- Work item -
Using only the entries below, copy exactly the lines that begin at the one with "25P Breast poses - bottom up" and end at the one with "夜宿平遥古城里一家客栈，古色古香的建筑让咱仿佛成了电视剧中人", both included. Drop the pictures.

- Available data -

Start of Block

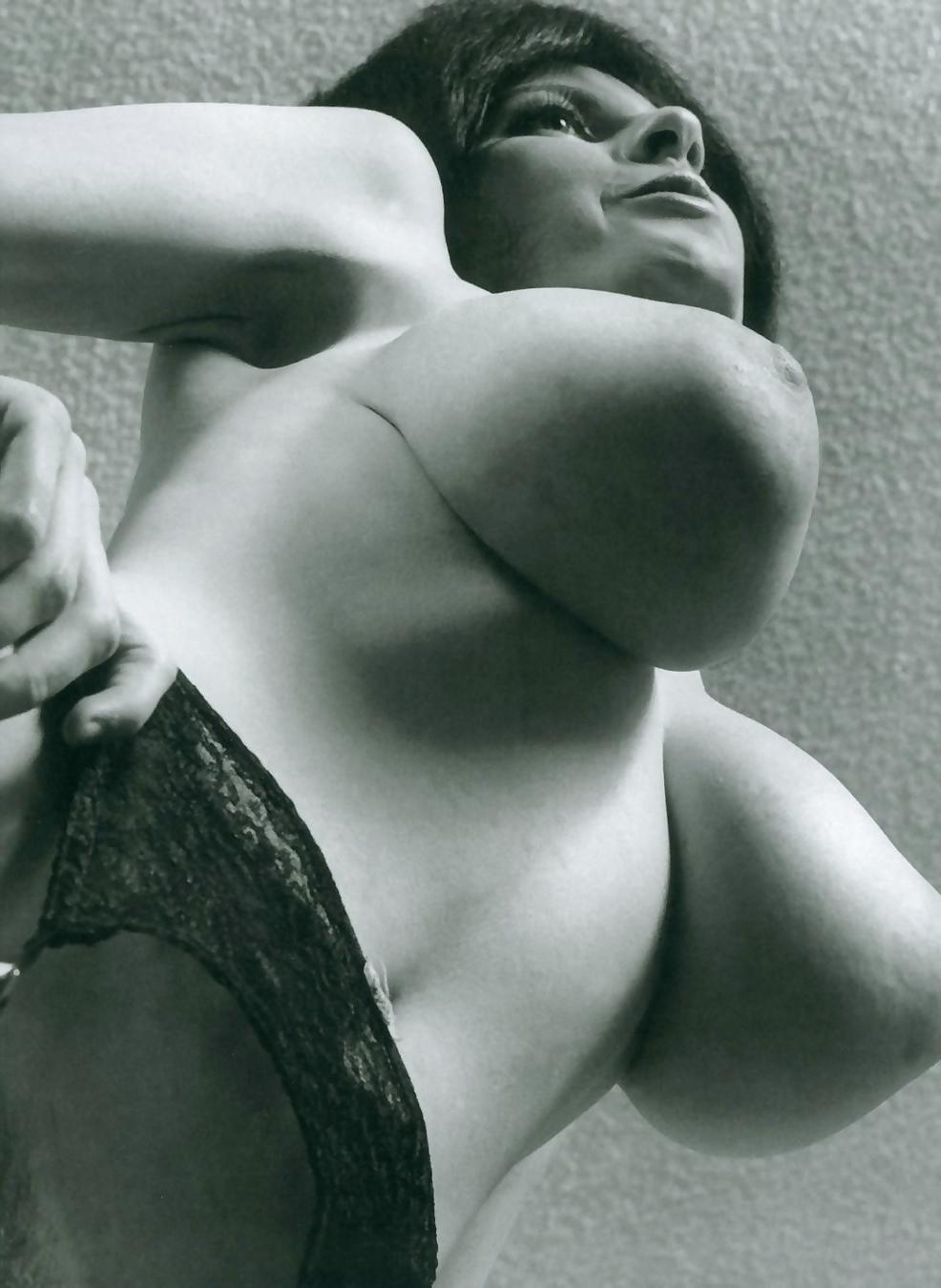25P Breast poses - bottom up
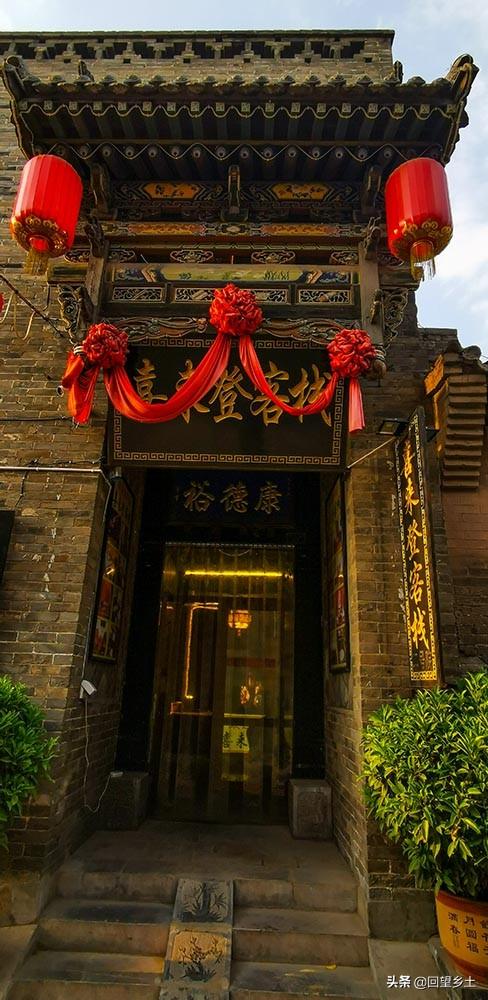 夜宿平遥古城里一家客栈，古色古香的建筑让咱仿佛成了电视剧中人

End of Block
Start of Block

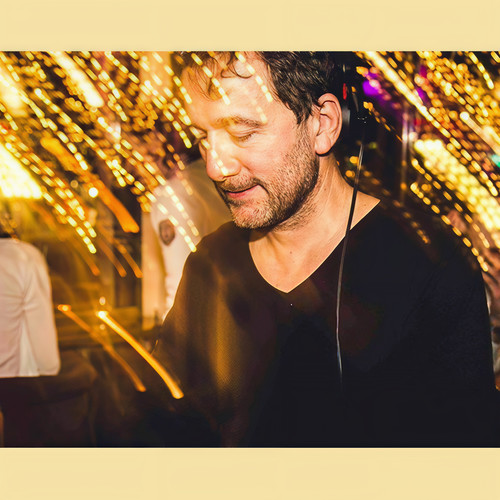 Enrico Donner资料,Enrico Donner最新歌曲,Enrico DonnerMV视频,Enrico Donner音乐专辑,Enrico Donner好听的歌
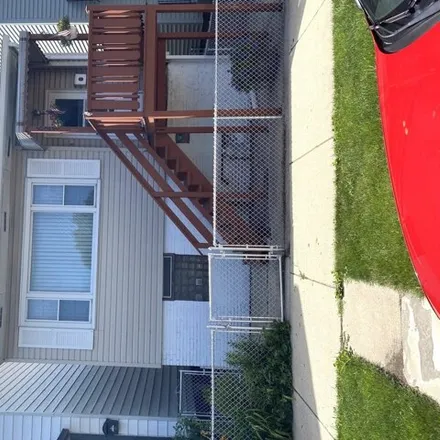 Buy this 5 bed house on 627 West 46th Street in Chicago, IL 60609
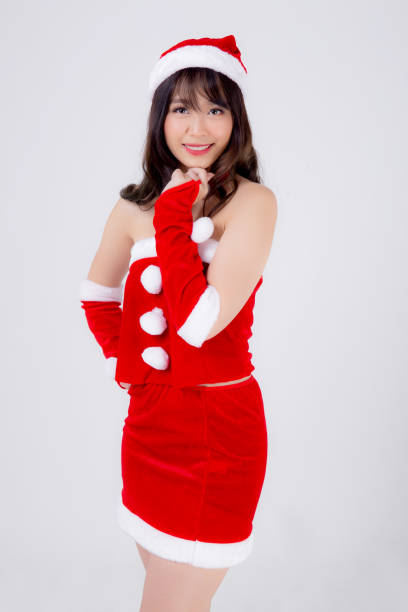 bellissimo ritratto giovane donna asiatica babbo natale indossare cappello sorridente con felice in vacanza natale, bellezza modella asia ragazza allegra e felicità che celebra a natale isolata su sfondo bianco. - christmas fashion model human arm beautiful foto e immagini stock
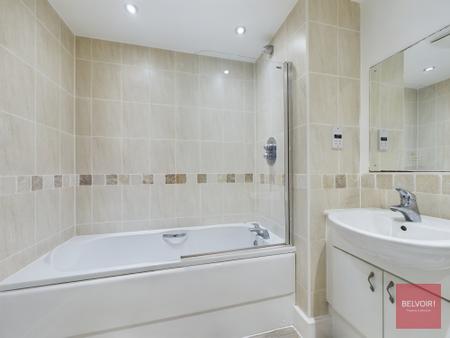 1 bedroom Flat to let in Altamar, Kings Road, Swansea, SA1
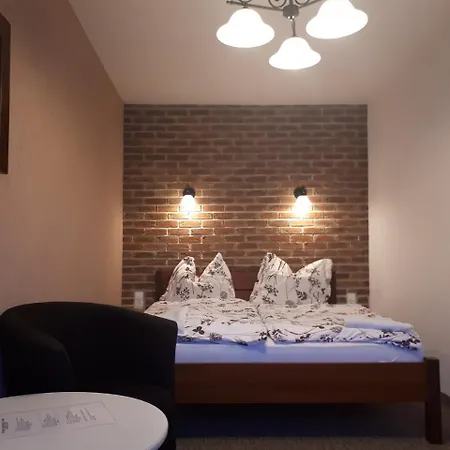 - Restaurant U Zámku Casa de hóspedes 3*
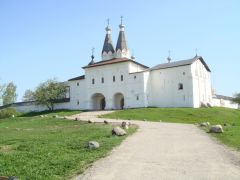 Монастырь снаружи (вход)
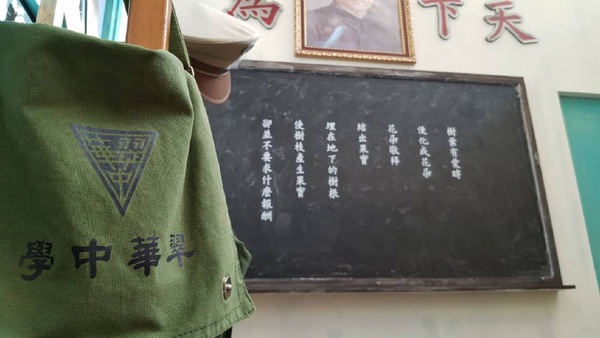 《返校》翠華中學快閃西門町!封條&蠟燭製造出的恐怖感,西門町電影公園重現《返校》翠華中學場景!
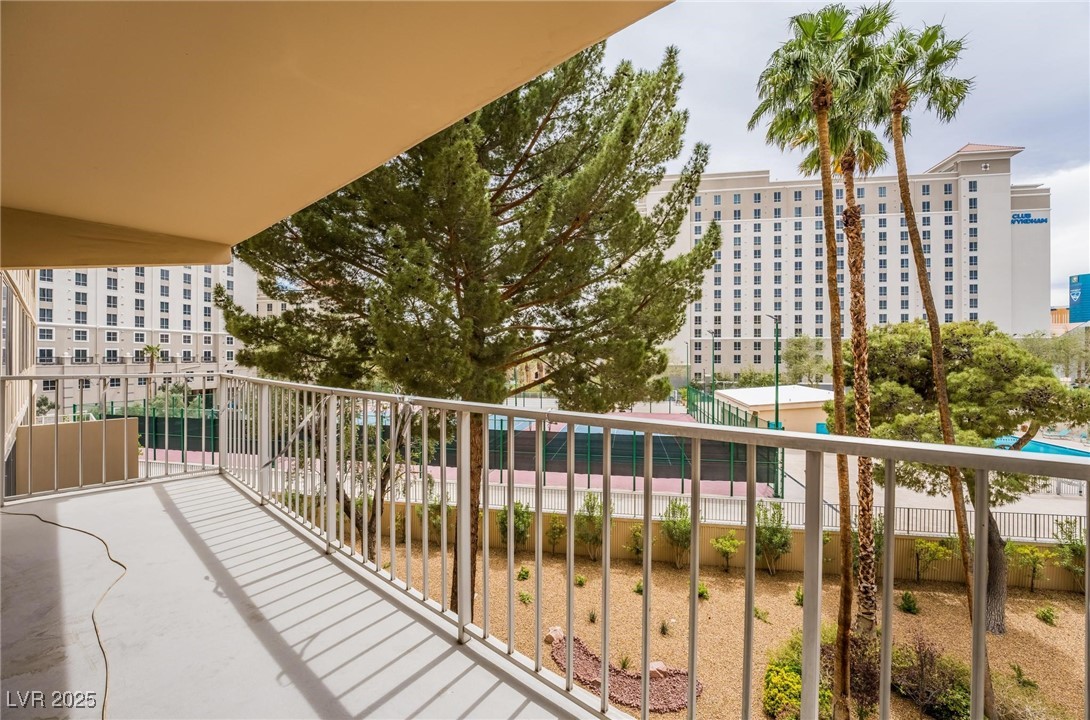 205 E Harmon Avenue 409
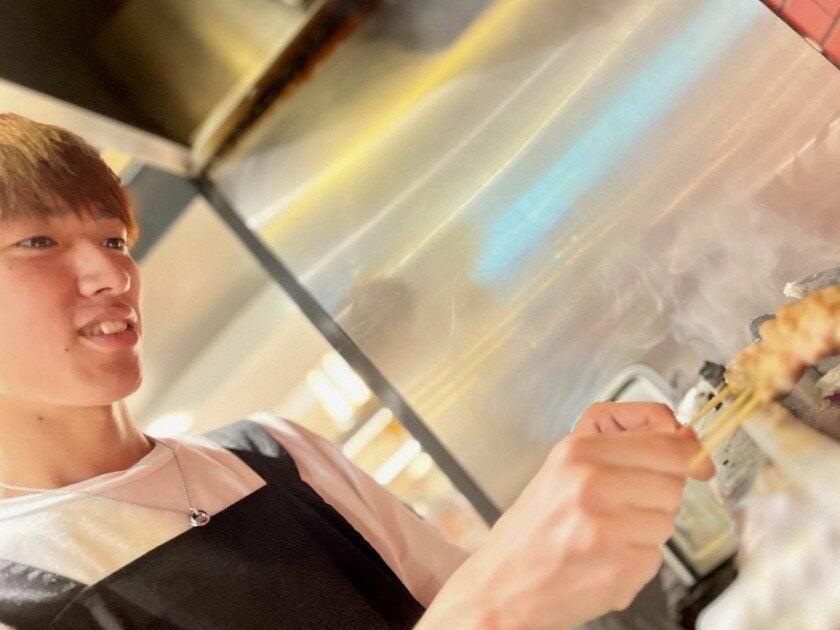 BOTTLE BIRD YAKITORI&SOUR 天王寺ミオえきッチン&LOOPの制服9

End of Block
Start of Block

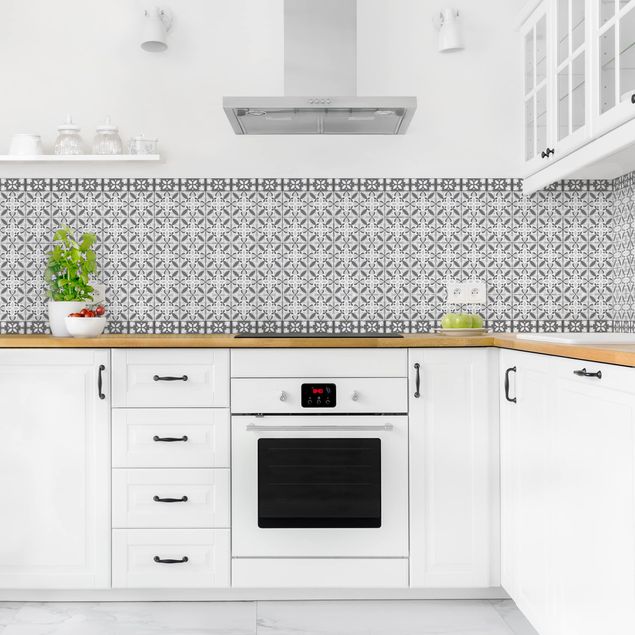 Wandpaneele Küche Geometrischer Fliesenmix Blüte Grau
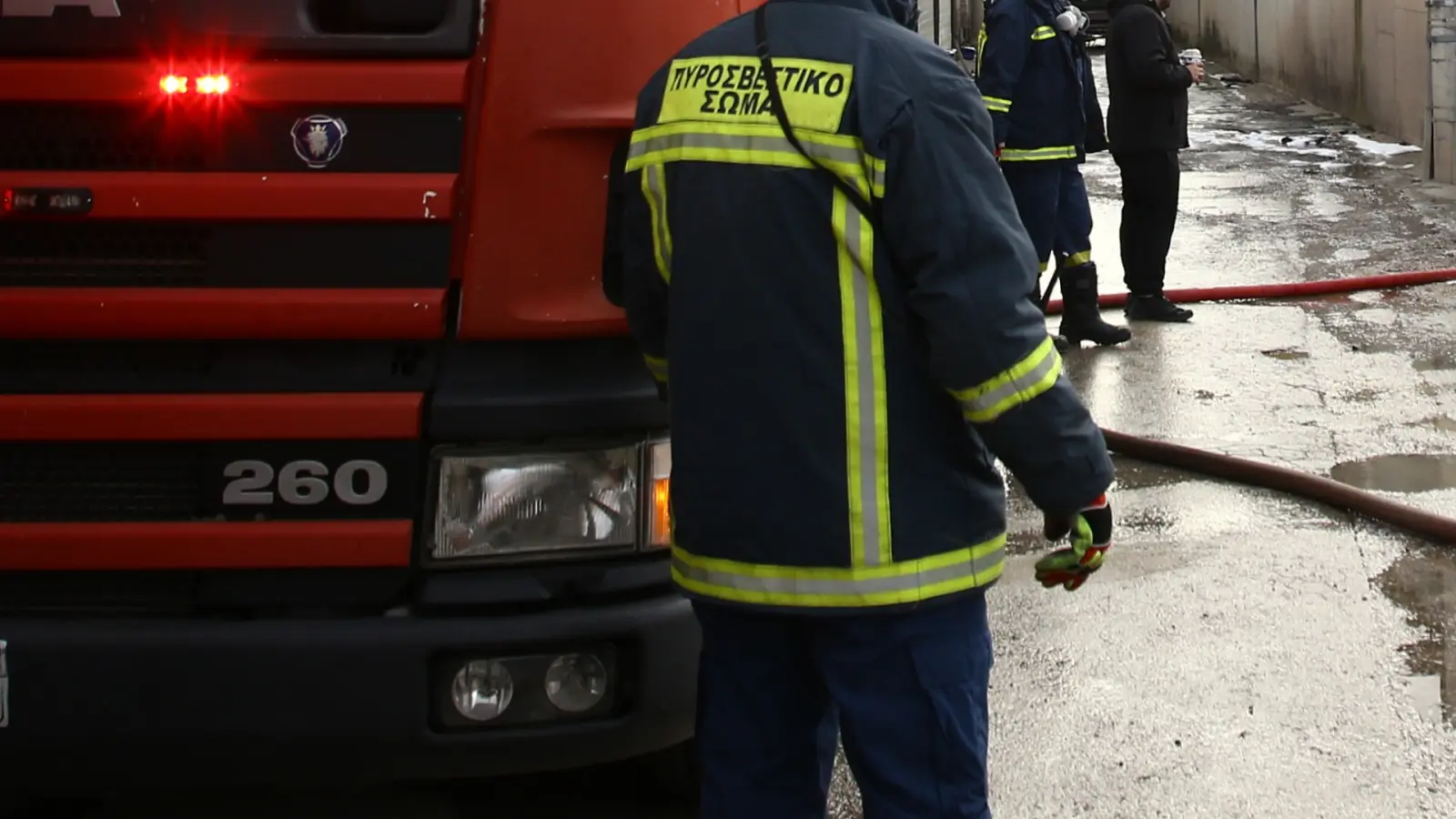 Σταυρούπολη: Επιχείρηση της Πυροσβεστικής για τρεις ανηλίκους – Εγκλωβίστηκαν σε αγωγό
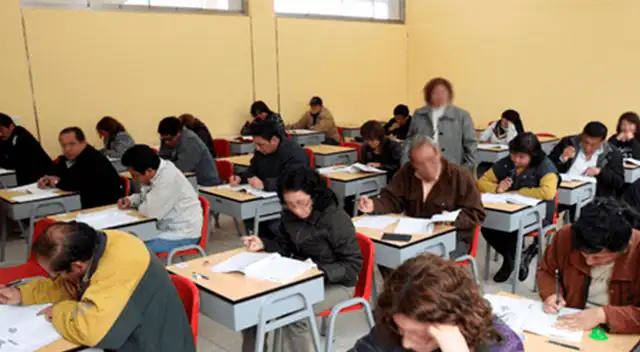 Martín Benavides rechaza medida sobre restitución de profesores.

End of Block

- Task output -
25P Breast poses - bottom up
 夜宿平遥古城里一家客栈，古色古香的建筑让咱仿佛成了电视剧中人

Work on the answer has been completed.